Only the inertia of tradition keeps the contraction hypothesis alive—or rather, not alive, but an unburied corpse. But if we decide to inter the corpse, let us frankly recognize the position in which we are left. A star is drawing on some vast reservoir of energy by means unknown to us.
This
reservoir can scarcely be other than the subatomic energy which, it is known, exists abundantly in all matter
[emphasis added].

 

Despite his enthusiasm for the idea that stars could derive their power from four hydrogen nuclei fusing together to assemble a helium nucleus, Eddington had no specific mechanism for this process to actually take place. In particular, the problem of the mutual electrostatic repulsion, mentioned above, had to be solved. Here is the obstacle: Two protons (the nuclei of hydrogen atoms) repel each other electrostatically because both have positive electric charges. This Coulomb force (named after the French physicist Charles-Augustin de Coulomb) has a long range, and it is therefore the dominant force between protons at distances larger than the size of the atomic nucleus. Within the nucleus, however,
the strong, attractive nuclear force takes over, and it can overcome the electric repulsion. Consequently, in order for protons in the cores of stars to fuse together as envisioned by Eddington, they need to have sufficiently high kinetic energies in their random motions to overcome the “Coulomb barrier” and allow them to interact via the attractive nuclear force. The apparent snag in Eddington’s hypothesis was that the temperature calculated for the center of the Sun was not high enough to impart protons with the necessary energy. In classical physics, this would have been a death sentence for this scenario; particles with insufficient energy to overcome such a barrier just cannot make it. Fortunately, quantum mechanics—the theory that describes the behavior of subatomic particles and light—came to the rescue. In quantum mechanics, particles can behave like waves, and all processes are inherently probabilistic. Waves are not precisely localized like particles but are spread out. In the same way that some parts of an ocean wave crashing against a seawall can splash to the other side, there is a certain (albeit small) probability that even protons with insufficient energy to overcome their Coulomb barrier would still interact.
Using this quantum mechanical effect of “tunneling” through barriers, physicist George Gamow and, independently, the
two teams of Robert Atkinson and Fritz Houtermans, and Edward Condon and Ronald Gurney, demonstrated in the late 1920s that under the conditions prevailing in stellar interiors, protons could indeed fuse.

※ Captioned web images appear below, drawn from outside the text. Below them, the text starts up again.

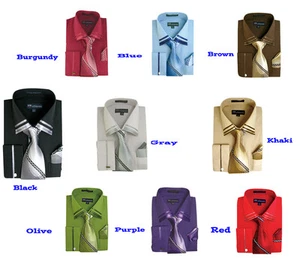 Nueva Camisa de Vestir Para Hombre Bordado Puño y Cuello con Corbata y Manguito SG 28 - Imagen 1 de 6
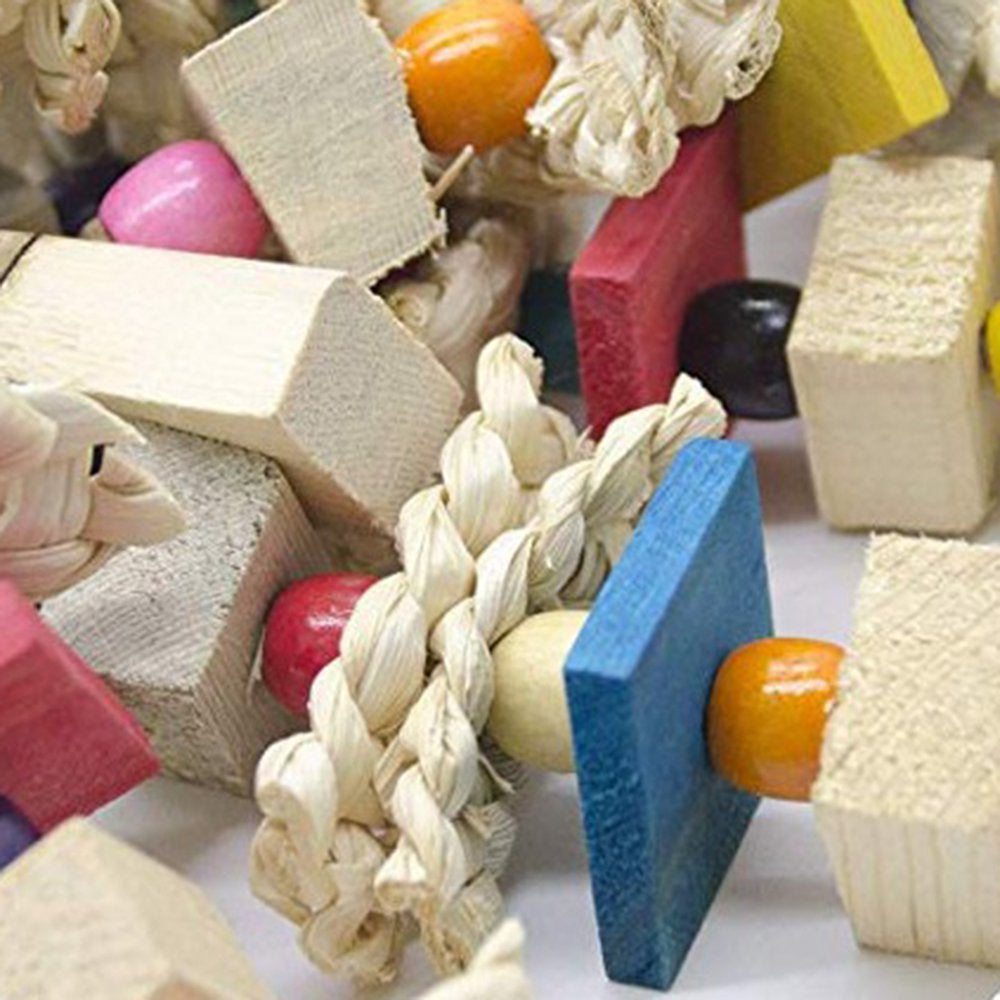 Visland Parrot Bird Toys-Natural Wood Bird Block Toys Bird Chewing Toy Hanging Bird Bite Toys for Macaws African Grey Parrot Cockatiel Conures Cockatiels Big & Medium Birds Animals & Pet Supplies > Pet Supplies > Bird Supplies > Bird Toys Visland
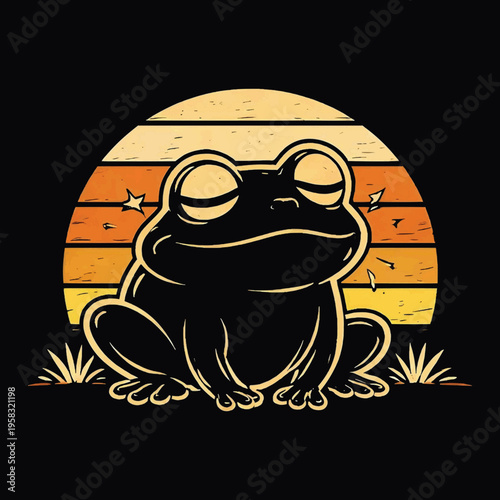 Lazy Frog Line Art Retro Sunset T-Shirt Vector Design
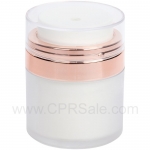 Airless Jar, Frosted Cap, Shiny Rose Gold, PP Inner Cup with Frosted Outer, 30 mL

Physicists Carl Friedrich von Weizsäcker in Germany, and Hans Bethe and Charles Critchfield in the United States, were the first to elaborate the precise nuclear reactions network through which four hydrogen nuclei coalesce to form a helium nucleus.
In a remarkable paper published in 1939, Bethe discussed two possible energy-producing paths in which hydrogen could convert into helium. In one, known as
the proton-proton (p-p) chain, two protons first combine to form deuterium—the isotope of hydrogen with one proton and one neutron in its nucleus—followed by the capture of an additional proton that transforms the deuterium into an isotope of helium. The second mechanism, known as the carbon-nitrogen (CN) cycle, was a cyclic reaction in which carbon and nitrogen nuclei acted only as catalysts. The net result was still the fusion of four protons to form one helium nucleus, accompanied by the release of energy. While Bethe thought originally that the CN cycle was the main mode by which our own Sun produces its energy, experiments at the Kellogg Radiation Laboratory at Caltech showed later that it was the p-p chain that mostly powered the Sun, with the CN cycle starting to dominate energy production only in more massive stars.

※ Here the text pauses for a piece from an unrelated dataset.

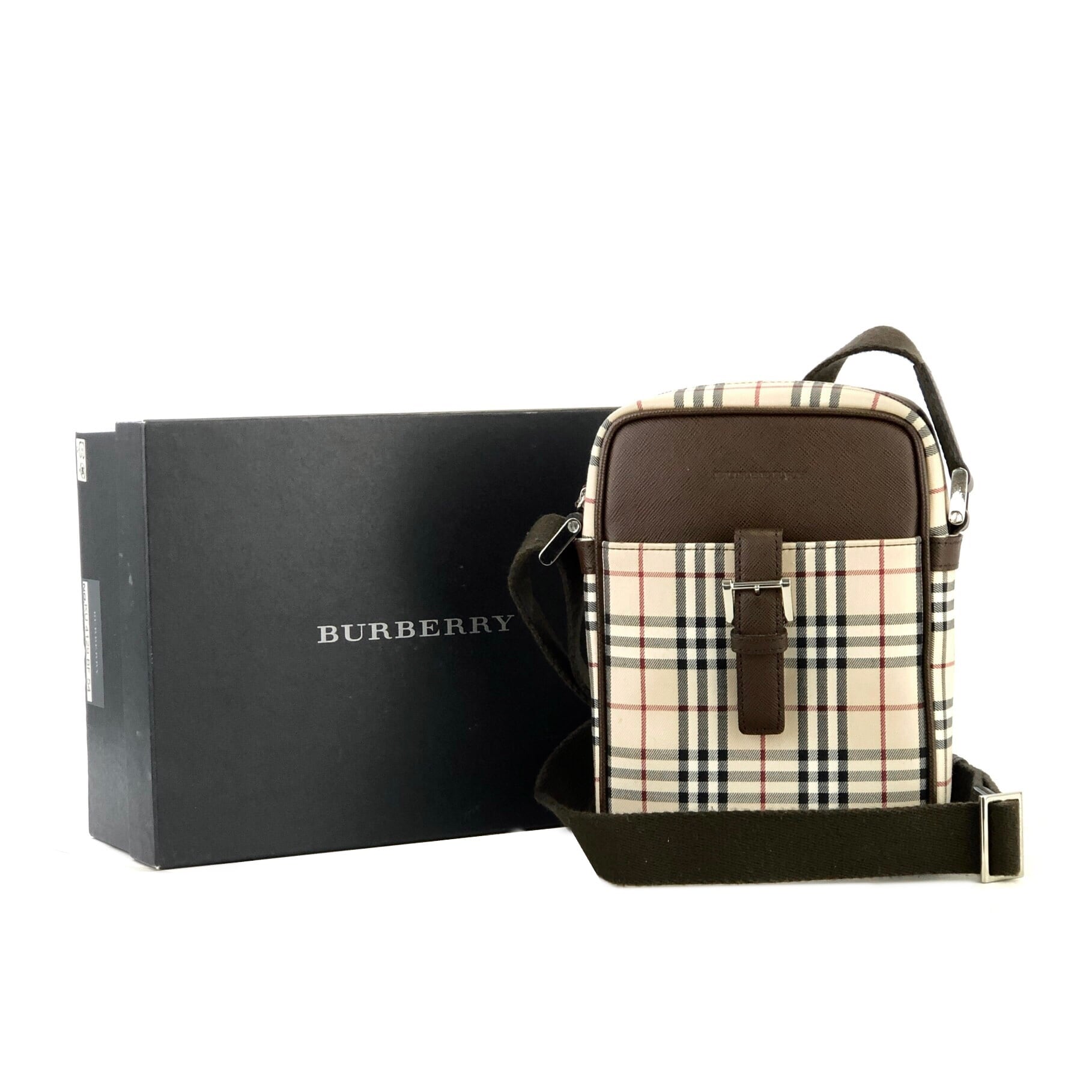BURBERRY バーバリー ノヴァチェック レザー×キャンバス ポシェット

You have probably noticed that, as its name implies, the CN cycle requires the presence of carbon and nitrogen atoms as catalytic agents. Yet Bethe’s theory fell short of demonstrating how carbon or nitrogen formed in the universe in the first place. Bethe did consider the possibility that carbon could be synthesized from the fusion of three helium nuclei together. (A helium nucleus contains two protons, and a carbon nucleus, six.) However, after completing his calculations, he asserted,
“There is no way in which nuclei heavier than helium can be produced permanently in the interior of stars under the present conditions”—that is, with densities and temperatures such as those encountered in most Sun-like stars. Bethe concluded: “We must assume that the heavier elements [than helium]
were built up
before
the stars reached their present state of temperature and density.”

Bethe’s pronouncement created a serious conundrum, since astronomers and Earth scientists were concluding at the time that the different chemical elements had to have, by and large, a common origin. In particular, the fact that atoms such as carbon, nitrogen, oxygen, and iron appeared to have approximately the same relative abundances all across the Milky Way galaxy clearly hinted at the existence of some universal formation process. Consequently, if they were to accept Bethe’s adjudication, physicists had to come up with some common synthesis that could have operated before present-day stars reached their equilibrium.

Just as the theory seemed to be heading toward a paralyzing impasse, the versatile George Gamow (usually known to his colleagues as Geo) and his PhD student Ralph Alpher advanced what appeared to be a brilliant idea: Perhaps the elements could have been formed in the initial, extremely hot and dense state of the universe known as the big bang. The concept itself was genius in its clarity. In the primeval, dense fireball, Gamow and Alpher argued, matter consisted of a highly compressed neutron gas. They referred to this primordial substance as
ylem
(from the ancient Greek
yle
and the medieval Latin
hylem
, both meaning “matter”). As these neutrons started decaying into protons and electrons, all the heavier nuclei could, in principle, be produced by the successive capture of one neutron at a time from the remaining sea of neutrons (and the subsequent decay of those neutrons into protons, electrons, and antineutrinos). Atoms were supposed to march in this way up the periodic table, climbing one step with each consecutive neutron capture. The entire process was assumed to be controlled by the probability for particular nuclei to capture another neutron, and also by the expansion of the universe (discovered in the late 1920s, as we’ll discuss in the next chapter). The cosmic expansion determined the overall decrease of the density of matter with time, and thereby the slowing down of the nuclear reaction rates. Alpher carried out most of the computations, and
the results were published in the April 1, 1948,
issue of the
Physical Review
. (April Fool’s Day was Gamow’s favorite publication date.) The always-whimsical Geo noticed that if he could add Hans Bethe (who had nothing to do with the calculations) as a coauthor of the paper, the three names—Alpher, Bethe, Gamow—would correspond to the first three letters of the Greek alphabet: alpha, beta, gamma. Bethe agreed for his name to be included, and the paper is
often referred to as the “alphabetical article.” Later in the same year, Alpher collaborated with physicist Robert Herman to predict the temperature of the residual radiation from the big bang, known today as the
cosmic microwave background.
(Geo, who never abandoned his lifelong interest in punning, joked in his book
The Creation of the Universe
that Robert Herman
“stubbornly refuses to change his name to Delter”—to correspond to delta, the fourth letter in the Greek alphabet.)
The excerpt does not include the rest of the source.